WORK REQUIRED: Skip the pictures. Output only the lines below starting at the line with "Chill Sloth with Glowing Heart Post-it Notes" and ending at the line with "マイケルコース MICHAEL KORS", both ends included, exactly as they are.

DATA TO EXAMINE:
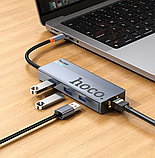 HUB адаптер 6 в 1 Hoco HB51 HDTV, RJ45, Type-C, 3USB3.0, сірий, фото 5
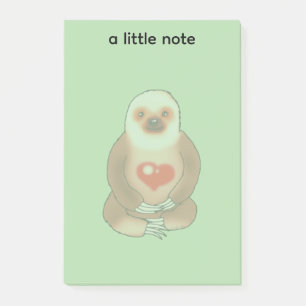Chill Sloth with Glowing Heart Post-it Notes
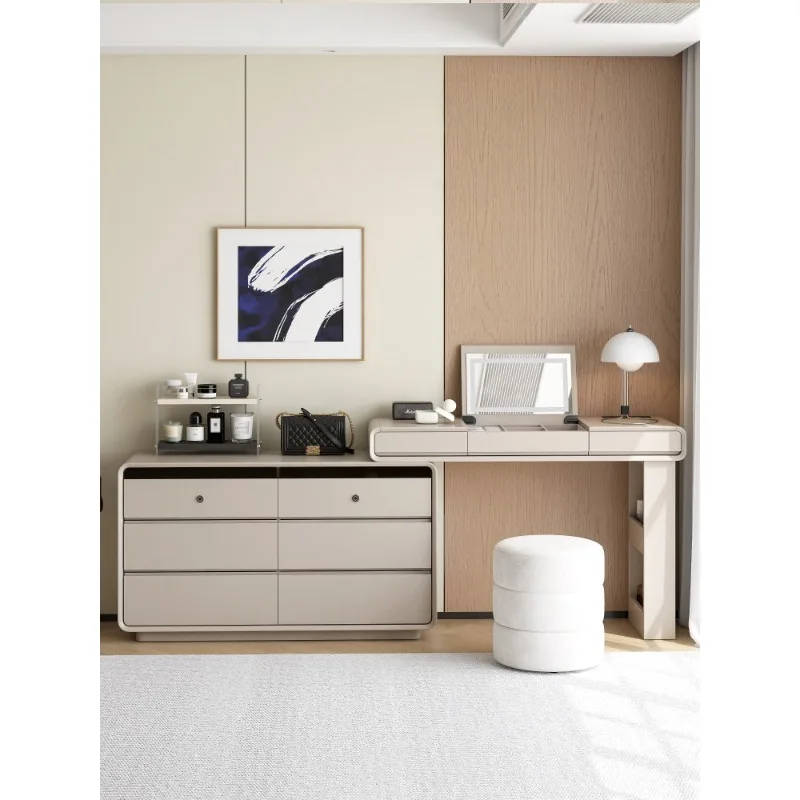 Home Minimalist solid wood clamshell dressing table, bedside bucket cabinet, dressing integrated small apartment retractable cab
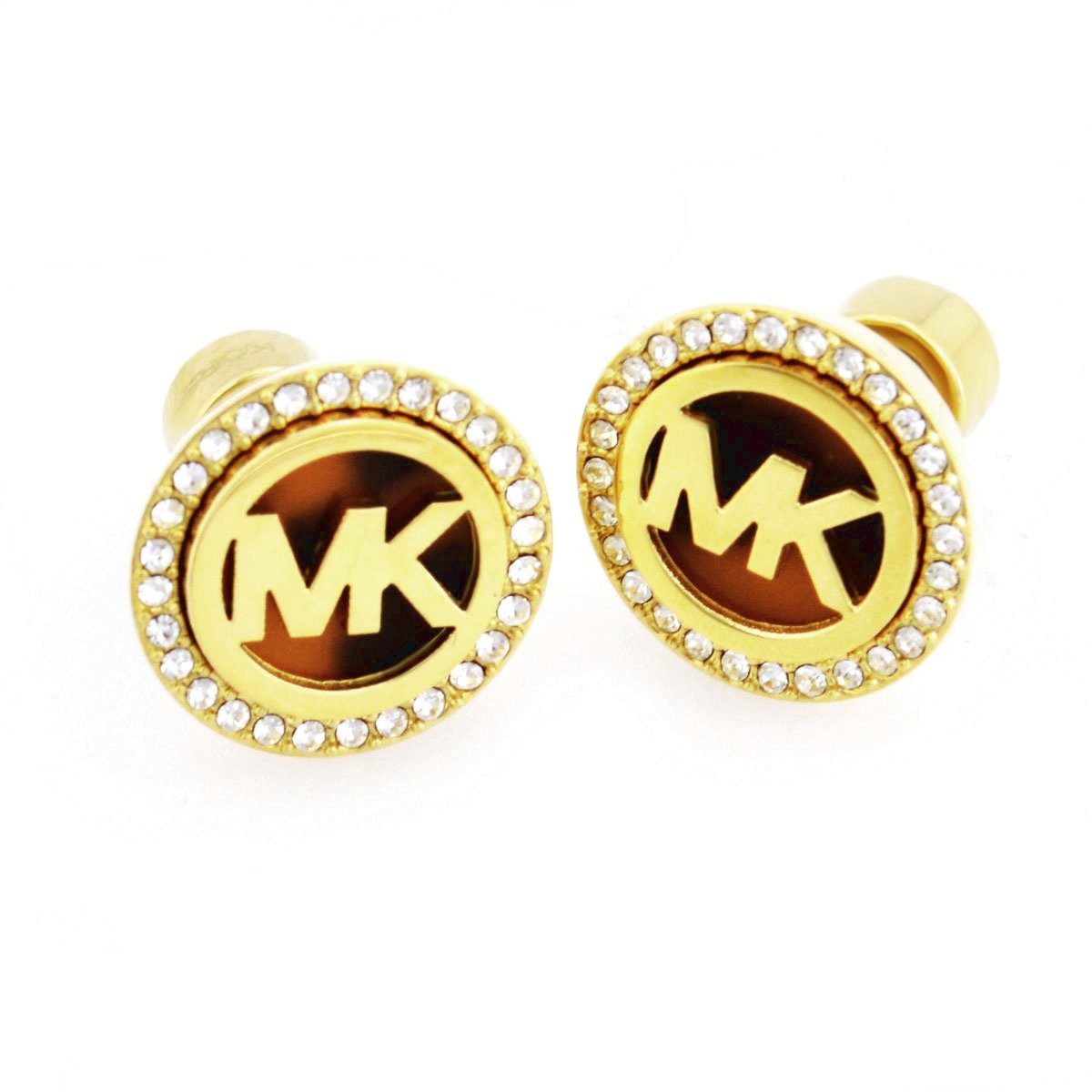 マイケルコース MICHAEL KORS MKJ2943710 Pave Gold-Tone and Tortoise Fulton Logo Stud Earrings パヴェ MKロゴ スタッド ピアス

==

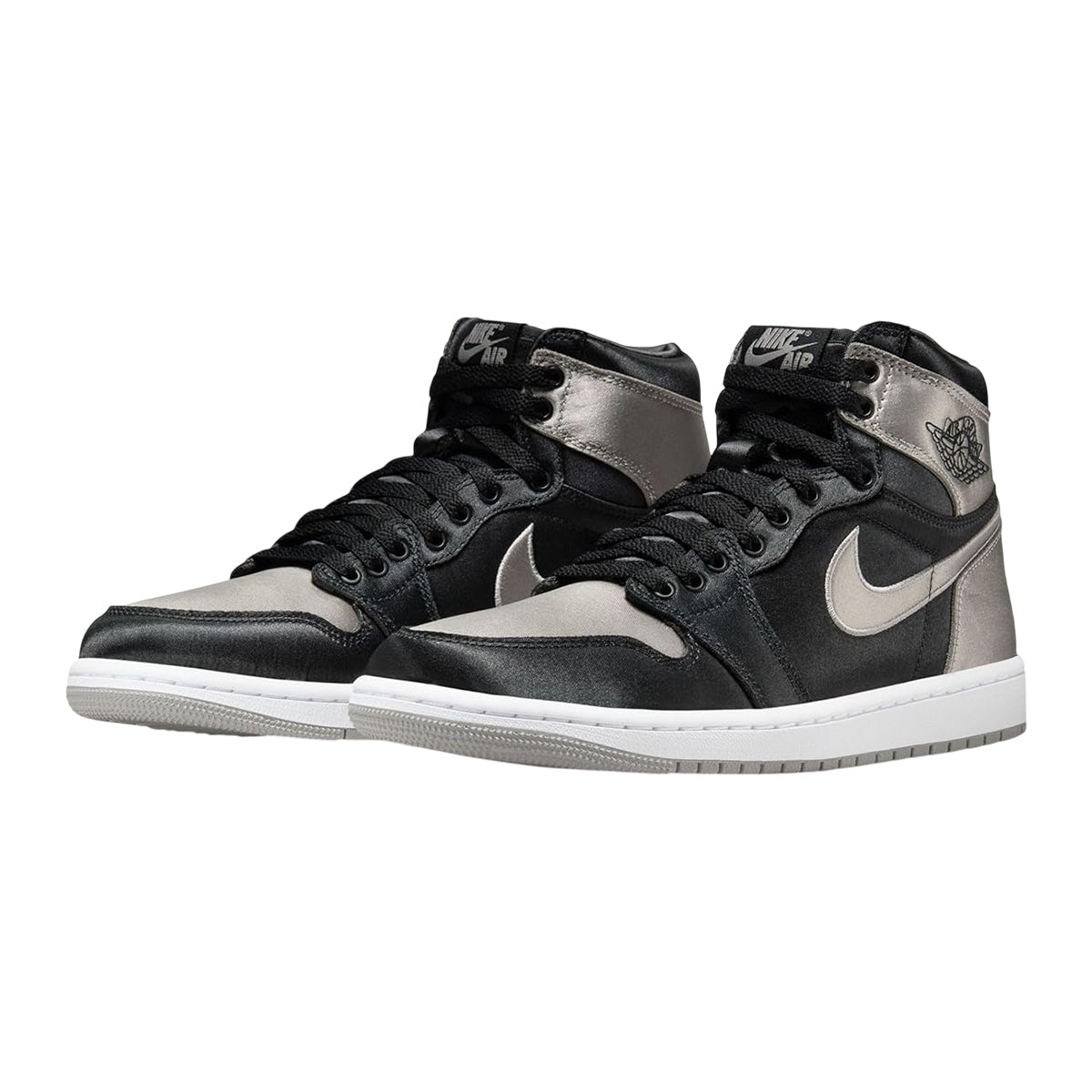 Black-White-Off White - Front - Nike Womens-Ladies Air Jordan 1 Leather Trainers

REPLY TO THE TASK:
Chill Sloth with Glowing Heart Post-it Notes
 Home Minimalist solid wood clamshell dressing table, bedside bucket cabinet, dressing integrated small apartment retractable cab
 マイケルコース MICHAEL KORS MKJ2943710 Pave Gold-Tone and Tortoise Fulton Logo Stud Earrings パヴェ MKロゴ スタッド ピアス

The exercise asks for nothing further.